Similar to Halfpipe, Big Air runs are scored by a panel of six judges out of a maximum score of 100 (with the four middle scores being averaged together). These runs are also judged using a similar criterion (difficulty, execution, and amplitude), although the fourth scoring category concerns how cleanly a competitor can stick the landing after their stunts (including how centered they are).
3) PARALLEL GIANT SLALOM
Snowboarders compete in head-to-head matchups in which they race side-by-side down a slalom course while weaving around numerous “gates”. One competitor races down the red side course while the other races down the blue side. Both sides are mirrored, and the highest-seeded athlete (determined by preliminary timed runs) gets to choose which side they want.
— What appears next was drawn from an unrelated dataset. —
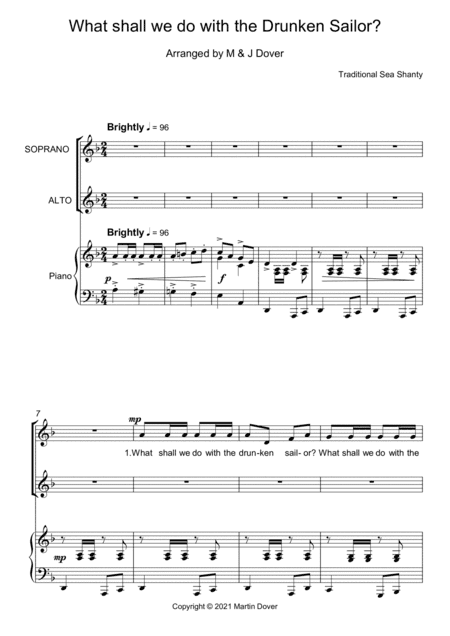 What shall we do with the Drunken Sailor? - 2 part choir - SA - Upper voices (arr. M & J Dover)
The initial preliminary rounds seed competitors based on the finishing times of their two initial runs. In the later elimination/head-to-head bracket rounds, the first competitor to reach the finish line wins the race and advances to the next round.
4) SNOWBOARD CROSS
Heats of competitors (often four in number) race side-by-side down a course toward a finish line. These courses consist of numerous bumps, turns, jumps and always end with a sizeable downhill slope (similar to the one used in Big Air events).
As this is a racing event, competitors are ranked based on the order in which they cross the finish line, with each heat often including four athletes, the top two finishers in each race advance to the next round. In the final round, medals are awarded to the first three athletes who cross the finish line.
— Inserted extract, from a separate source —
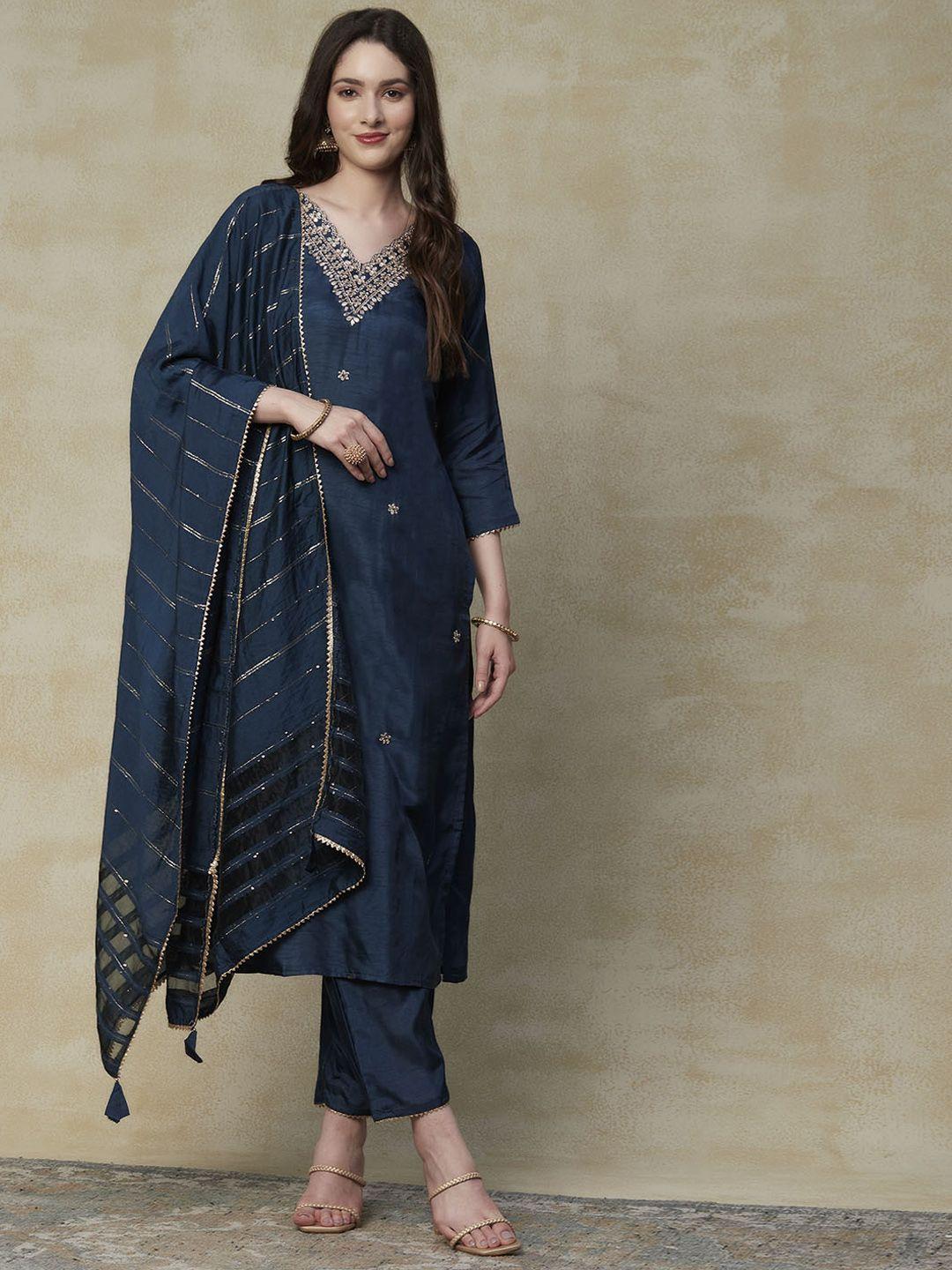 fashor teal blue & gold-toned ethnic motifs embroidered kurta with trousers & dupatta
Competitors are given two runs per round to traverse down a long obstacle-filled course complete with ramps, halfpipes, rails, large hills, etc. Similar to the Halfpipe event, competitors are scored by a panel of judges.
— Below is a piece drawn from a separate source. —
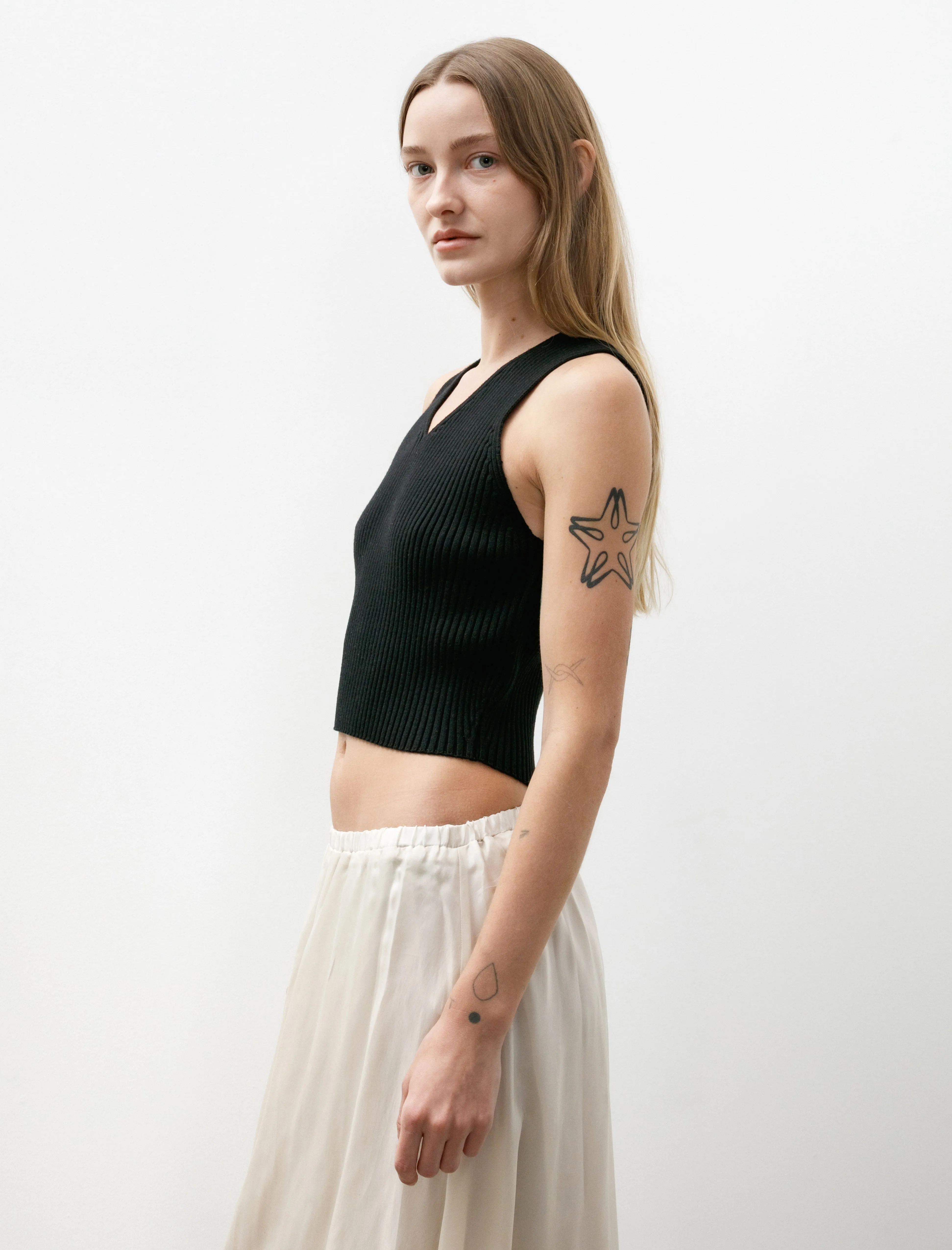 Cotton Silk Rib Knit V-Neck Vest Black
This event is scored by a panel of nine judges. Three judges are responsible for critiquing the overall impression of the run (worth 40% of the total score), while the other six judges are split into groups of two, with each group judging the athlete’s performance at a specifically assigned portion of the course (worth a combined 60% of the total score).
Slopestyle runs are judged using the same criterion as Halfpipe (amplitude, difficulty, variety, execution, and progression).
Despite having a lush competitive scene, alpine snowboarding is similar to skateboarding in the sense that it attracts a sizeable number of recreational participants who treat the sport more as a lifestyle rather than just a hobby. This subculture of snowboarders stemmed from the initial pushback of regular skiers who considered snowboarders to be an annoyance or hindrance on their slopes.
Instead of letting the negative attention tear them down, many snowboarders started embracing the “rebellious” nature of their sport in a way similar to skateboarders and surfers. This led snowboarders to rewrite their entire image—one centered around punk, hip-hop, and a vocabulary largely consisting of the words “gnarly” and “dude”.
As the sport of snowboarding grew to new audiences, this rebellious lifestyle began to disappear as the animosity between them and skiers quickly dissipated. Nowadays, snowboarding’s subculture is less prominent, although many participants still associate more with the skateboarding culture and image than that of skiing.
END OF GAME
Depending on the event, snowboarding competitions are won by the competitors who receive the highest score from the judges (Big Air, Halfpipe, and Slopestyle) or are the first to cross the finish line (Parallel Giant Slalom, Snowboarding Cross).